Background: Enteral tube feeding (ETF) has been evaluated in paediatric and mixed child and adult populations with cystic fibrosis, demonstrating positive outcomes from 6 months to 2 years post insertion. No studies have examined the longer term nutritional and clinical outcomes in an exclusively adult population with cystic fibrosis or compared the outcomes for those who meet standard criteria and opt to undertake or decline ETF.
Methods: Twenty three out of 380 patients attending the Leeds Regional Adult CF unit fulfilled the standard criteria for commencing ETF (CF Trust, 2002) between 2004 and 2008. Weight, BMI, FEV1, FVC, CFRD, and number of intravenous antibiotic treatment days were collected at 1 year pre baseline, at baseline, and at 1, 2, and 3 years post baseline for all these patients whether they accepted or declined ETF.

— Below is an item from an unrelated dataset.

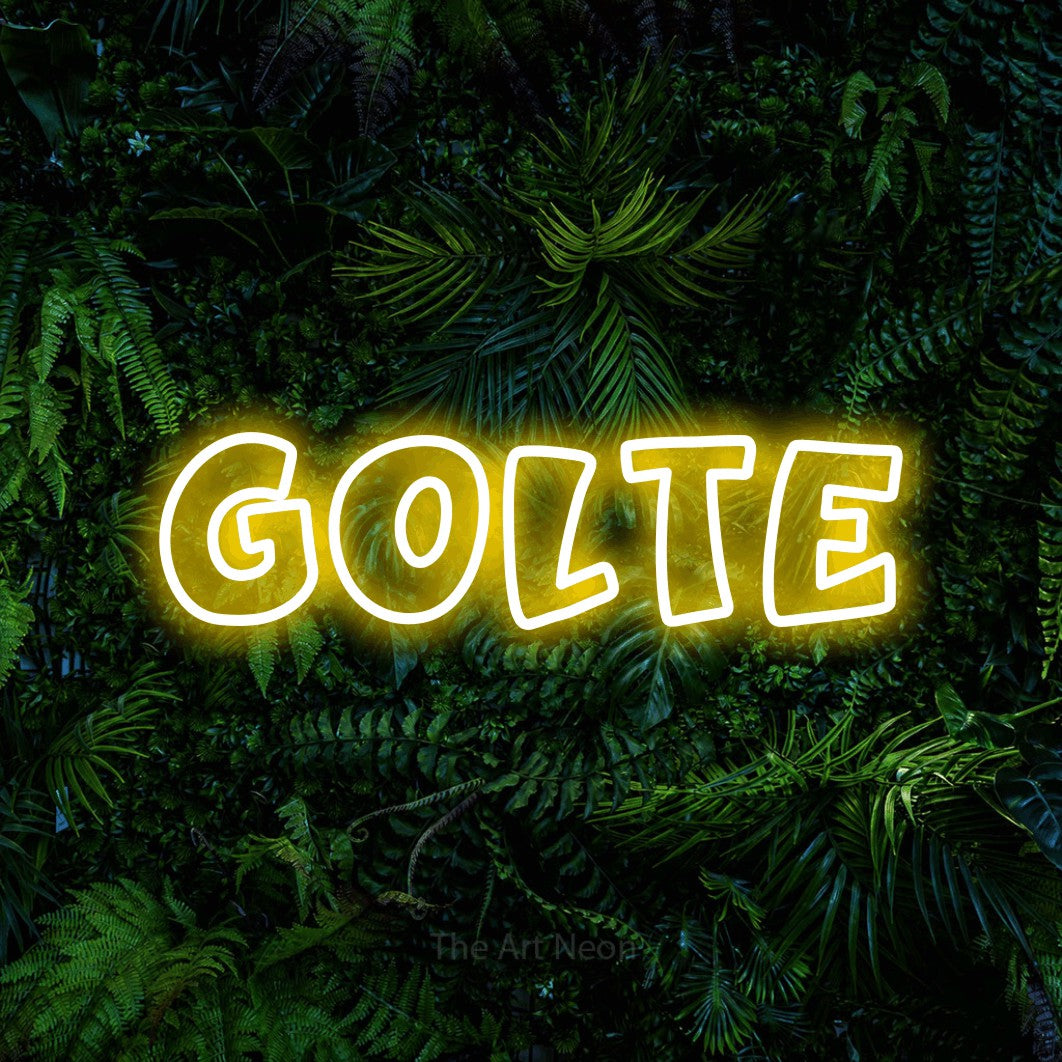 LED neon sign reading “golte”, arranged in a single line.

Results: Seventeen of the 23 patients agreed to accept a programme of ETF, two of whom died within the first year of ETF. In the remaining patients (n=15), weight increased by 19.5% from baseline (p<0.001), BMI increased to within the normal range and lung function stabilised. There was no reduction in the requirement for intravenous antibiotic treatment. The six patients who declined ETF had a decline in lung function and no weight gain.
Conclusion: Supplemental enteral tube feeding improves clinical outcomes when administered over 3 years, resulting in significant weight gain, a normal BMI and stabilisation of lung function. It does not reduce intravenous antibiotic treatment days. In contrast those patients eligible for, but who declined ETF, showed a deterioration in lung function and a failure to gain weight and to achieve normal BMI status.
Keywords: Adult; Cystic fibrosis; Enteral tube feeding; Outcome.